Excerpted data
● ● ● ●

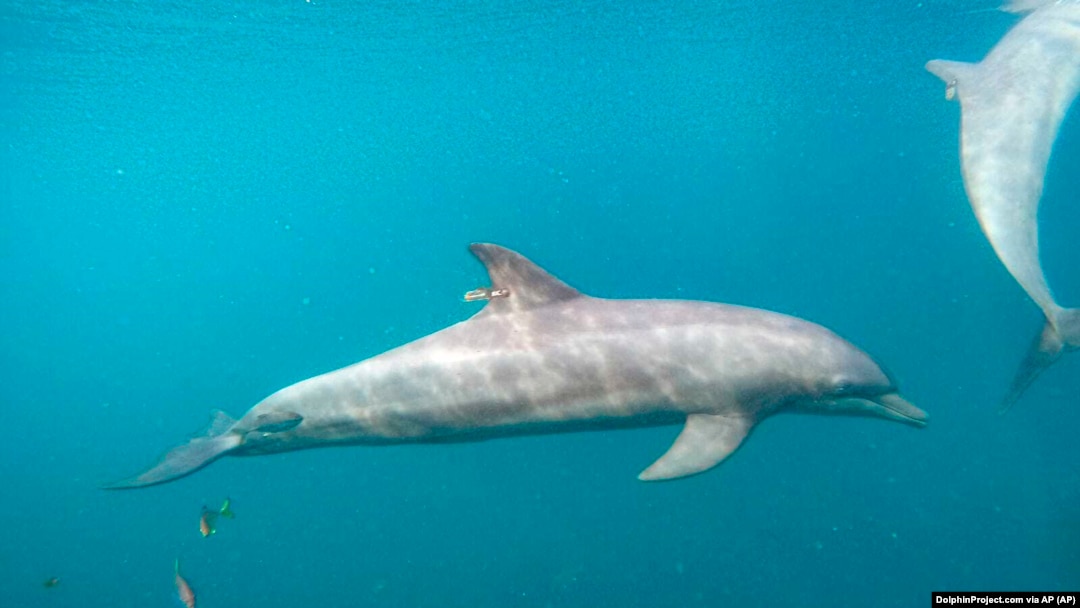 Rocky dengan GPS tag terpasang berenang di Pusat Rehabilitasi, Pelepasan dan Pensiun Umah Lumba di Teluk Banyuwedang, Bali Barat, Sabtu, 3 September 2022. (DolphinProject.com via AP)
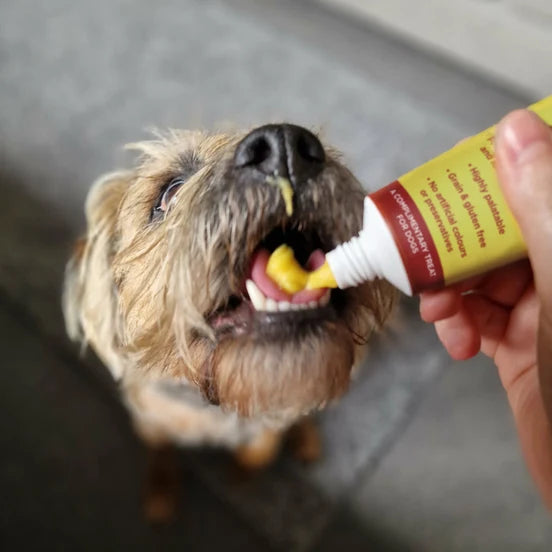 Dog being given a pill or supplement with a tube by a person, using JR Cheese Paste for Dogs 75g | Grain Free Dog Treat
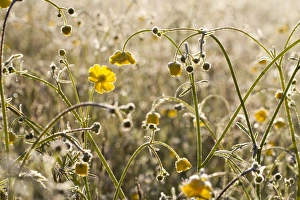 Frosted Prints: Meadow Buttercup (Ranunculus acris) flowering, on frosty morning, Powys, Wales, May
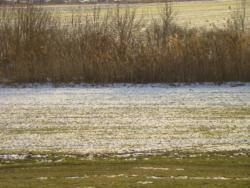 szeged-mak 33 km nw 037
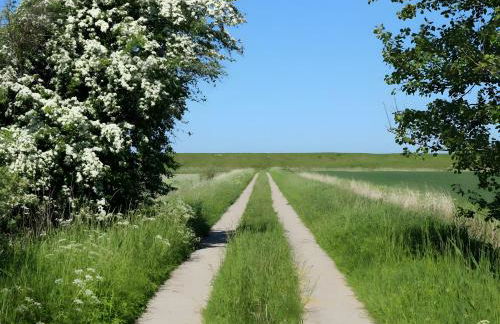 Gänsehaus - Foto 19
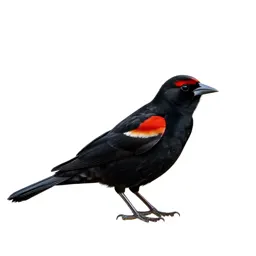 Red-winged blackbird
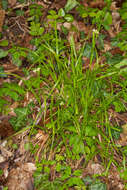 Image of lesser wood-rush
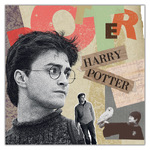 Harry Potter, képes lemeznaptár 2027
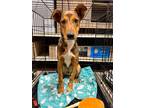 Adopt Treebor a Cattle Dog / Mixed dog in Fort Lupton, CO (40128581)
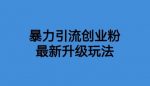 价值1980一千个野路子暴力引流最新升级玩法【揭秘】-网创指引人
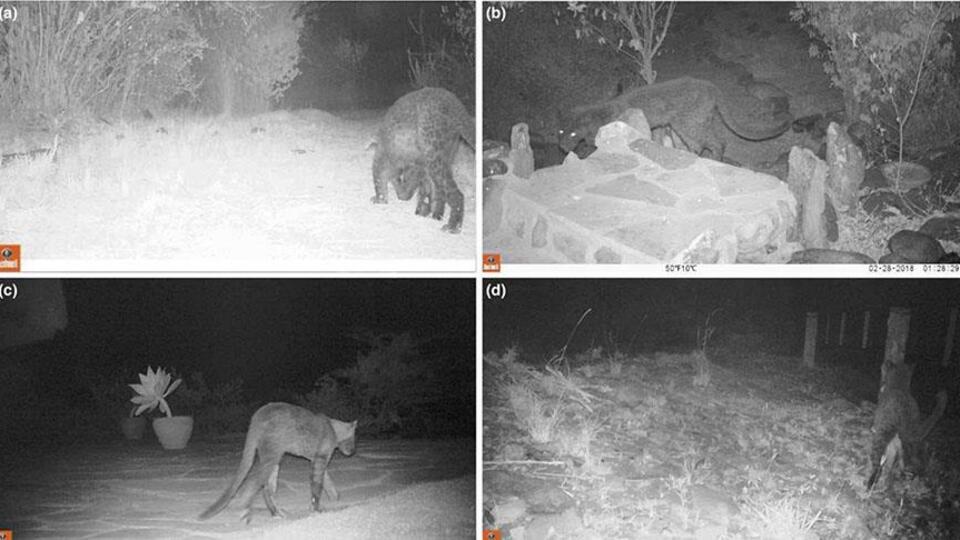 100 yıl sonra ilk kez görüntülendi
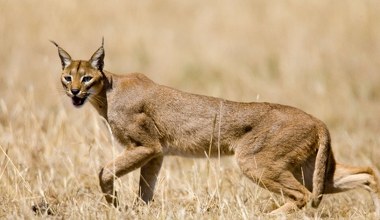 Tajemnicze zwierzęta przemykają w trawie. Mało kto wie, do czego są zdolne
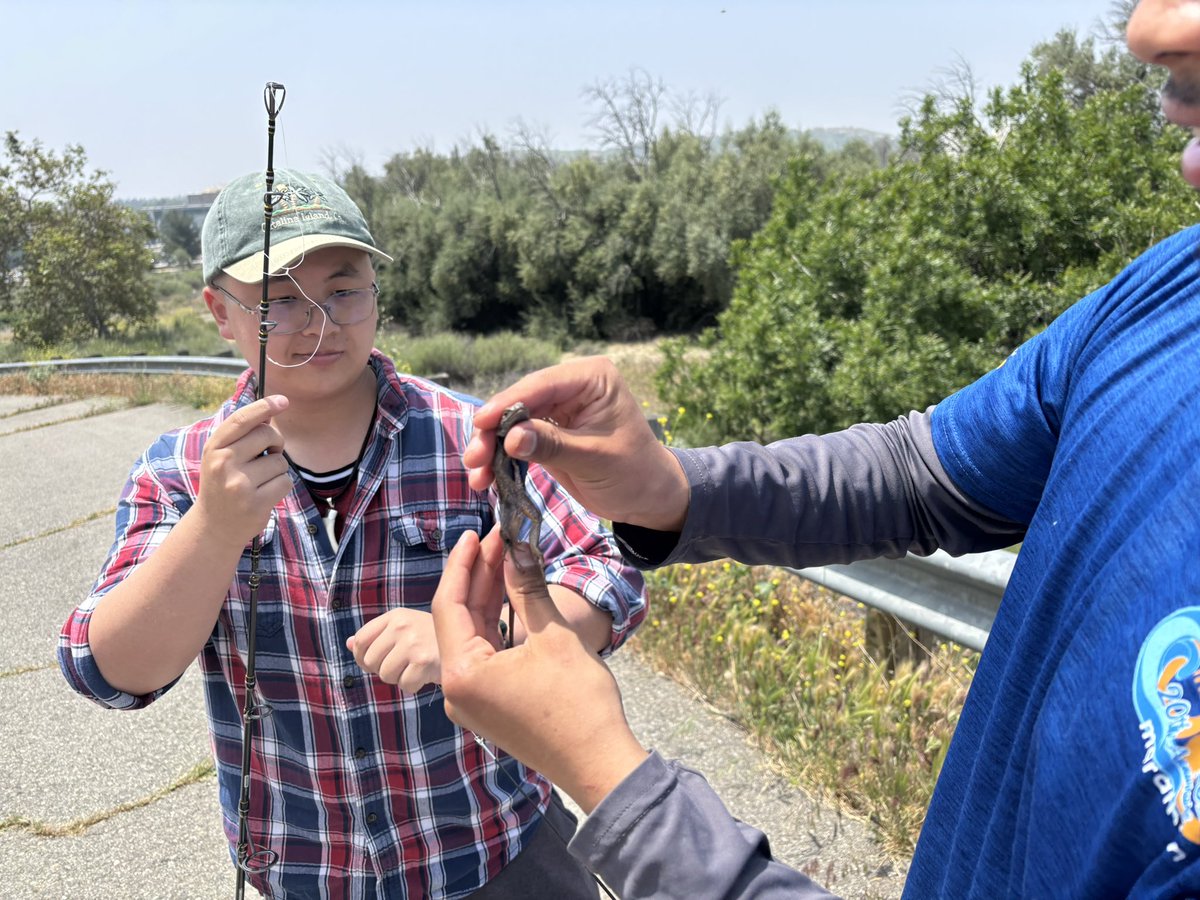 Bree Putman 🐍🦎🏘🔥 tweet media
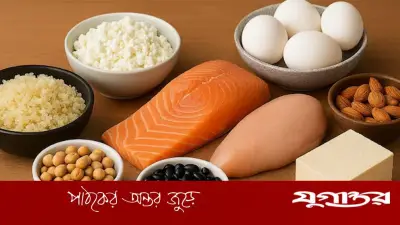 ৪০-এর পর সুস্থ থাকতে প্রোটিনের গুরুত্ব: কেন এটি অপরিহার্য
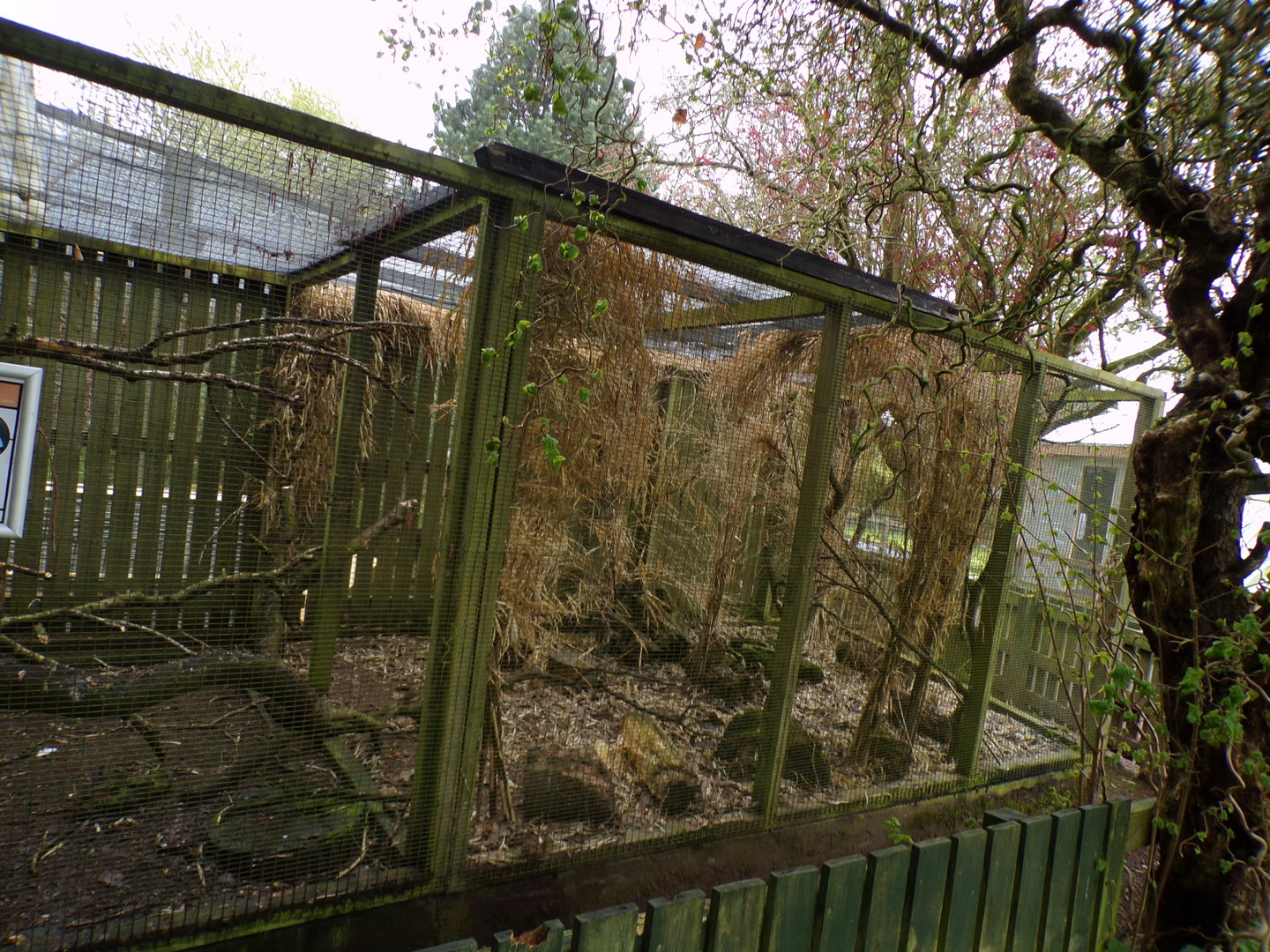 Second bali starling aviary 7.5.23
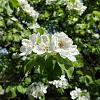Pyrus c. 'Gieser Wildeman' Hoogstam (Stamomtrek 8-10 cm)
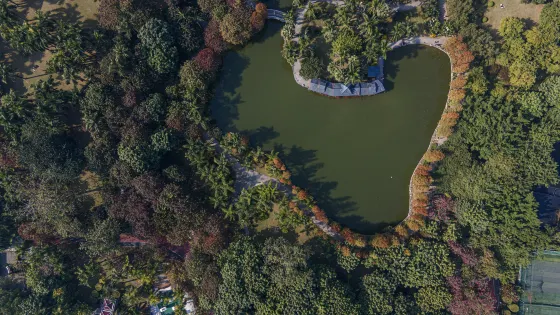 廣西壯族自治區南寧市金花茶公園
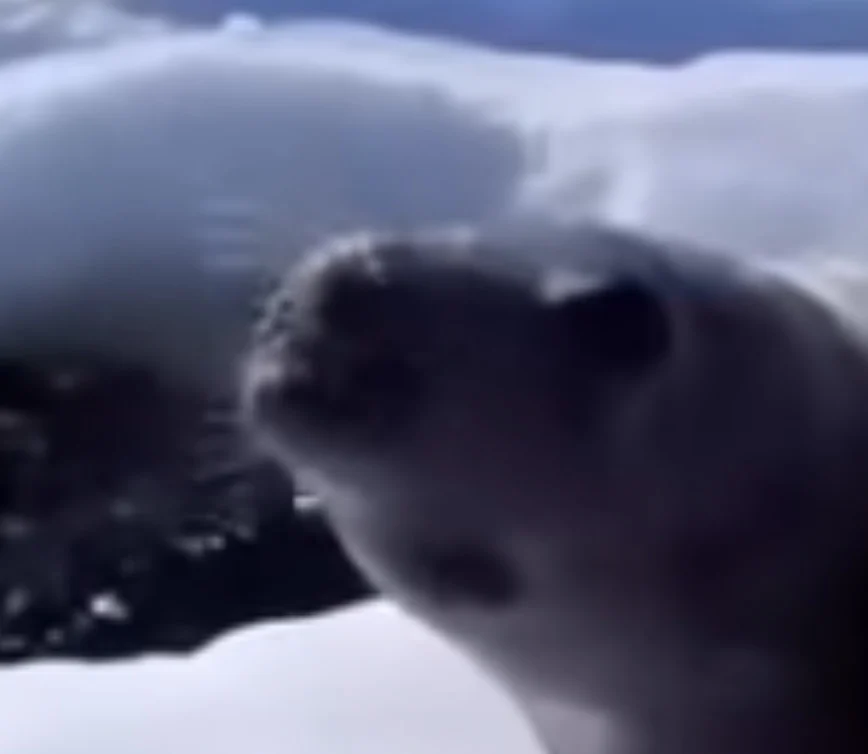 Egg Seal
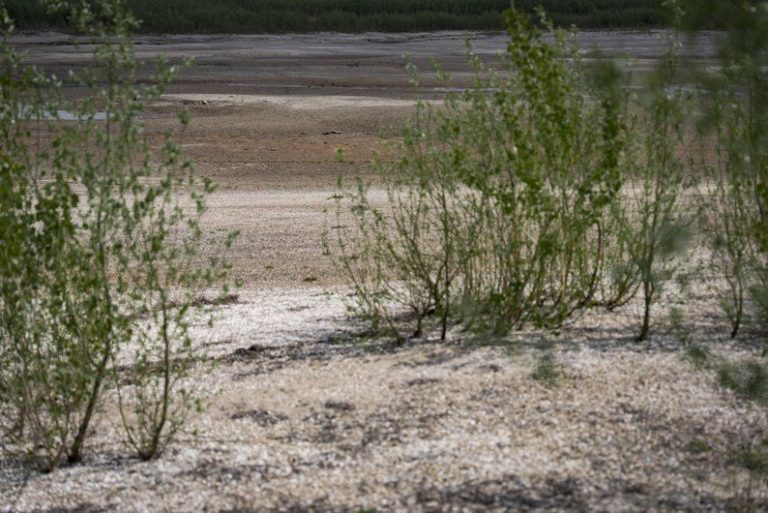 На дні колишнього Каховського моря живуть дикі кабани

● ● ● ●

Exercise objective
Leave out the pictures and repeat exactly the lines from the first line of the data through the line containing "৪০-এর পর সুস্থ". Add nothing else.

Task output
 Rocky dengan GPS tag terpasang berenang di Pusat Rehabilitasi, Pelepasan dan Pensiun Umah Lumba di Teluk Banyuwedang, Bali Barat, Sabtu, 3 September 2022. (DolphinProject.com via AP)
 Dog being given a pill or supplement with a tube by a person, using JR Cheese Paste for Dogs 75g | Grain Free Dog Treat
 Frosted Prints: Meadow Buttercup (Ranunculus acris) flowering, on frosty morning, Powys, Wales, May
 szeged-mak 33 km nw 037
 Gänsehaus - Foto 19
 Red-winged blackbird
 Image of lesser wood-rush
 Harry Potter, képes lemeznaptár 2027
 Adopt Treebor a Cattle Dog / Mixed dog in Fort Lupton, CO (40128581)
 价值1980一千个野路子暴力引流最新升级玩法【揭秘】-网创指引人
 100 yıl sonra ilk kez görüntülendi
 Tajemnicze zwierzęta przemykają w trawie. Mało kto wie, do czego są zdolne
 Bree Putman 🐍🦎🏘🔥 tweet media
 ৪০-এর পর সুস্থ থাকতে প্রোটিনের গুরুত্ব: কেন এটি অপরিহার্য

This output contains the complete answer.